Alex Gibney gives us a film that looks, very much in detail, at our abusive “interrogation” methods by interviewing some of the soldiers who did them — soldiers who, in many cases, were not specifically trained for interrogations and had very little guidance. It takes us from Abu Ghraib to Guantánamo Bay, and from the moral high ground we used to command to the moral depths we’ve put ourselves into.
One thing that makes this film particularly effective is that Mr Gibney does present us with people who were there — with soldiers who were directly involved, with former Abu Ghraib prisoners, and with a prisoner who was released from Guantánamo, a British citizen whose release was secured by his government. And a point is clearly made, here, by interrogation experts, that the most effective interrogations involve establishing a connection with the prisoner, producing reliable information.
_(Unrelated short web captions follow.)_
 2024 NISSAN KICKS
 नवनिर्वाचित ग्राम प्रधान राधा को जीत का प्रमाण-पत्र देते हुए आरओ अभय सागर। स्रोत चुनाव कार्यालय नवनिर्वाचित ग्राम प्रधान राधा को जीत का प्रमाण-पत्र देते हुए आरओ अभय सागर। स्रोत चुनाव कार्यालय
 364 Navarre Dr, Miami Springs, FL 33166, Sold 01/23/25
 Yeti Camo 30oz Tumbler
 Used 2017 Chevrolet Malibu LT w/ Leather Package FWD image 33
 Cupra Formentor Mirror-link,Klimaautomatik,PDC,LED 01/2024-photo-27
Despite how well that’s known, we’ve descended into a pit of abuse and torture that not only gives us questionable information, but corrupts our society’s values in a way that’s difficult to repair.
Another, related documentary film I’ve seen recently is Eugene Jarecki’s Why We Fight, made a couple of years ago. Mr Jarecki starts with President Eisenhower’s warning, in the 1950s, of the danger of a “military-industrial complex”, and brings us to the invasion of Iraq as an almost inevitable result of our ignoring that warning.
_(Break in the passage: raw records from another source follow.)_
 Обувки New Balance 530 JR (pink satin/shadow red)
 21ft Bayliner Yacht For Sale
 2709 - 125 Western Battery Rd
The film uses interviews with people such as retired Lieutenant Colonel Karen Kwiatkowski; Charles Lewis, of the Center for Public Integrity; former Secretary of the Air Force James Roche; former CIA officer Chalmers Johnson; and the son (John) and granddaughter (Susan) of President Eisenhower. Through those interviews, along with narrative and archive footage, it tells us where we came from with respect to the was in Iraq, how we got here, and what we knew at the beginning and along the way.
A significant point of both films is the administration’s management of what the second tells us is called “blowback” — the unintended consequences of our actions, and the ensuing public response. And it’s clear that by the time “Taxi” was made — in the two years between the two films — the blowback problem had become much harder to manage.
Of course, these films are aimed at making a point, and don’t try to be even-handed and present a balanced view. And certainly, “Why We Fight” talks mostly to people with axes to grind — Col. Kwiatkowski, for example, took retirement because she didn’t like where things were going, and has since been an outspoken critic of the war. But as I said above, “Taxi” gets extra power directly from those involved.
I’m filing this under “Movies”, but not under “Entertainment”; one can hardly say that these are entertaining. They are disturbing... and enlightening. And they’ll make you angry to be reminded of the position in which we’ve put ourselves, and angry, very angry with the people who put us there.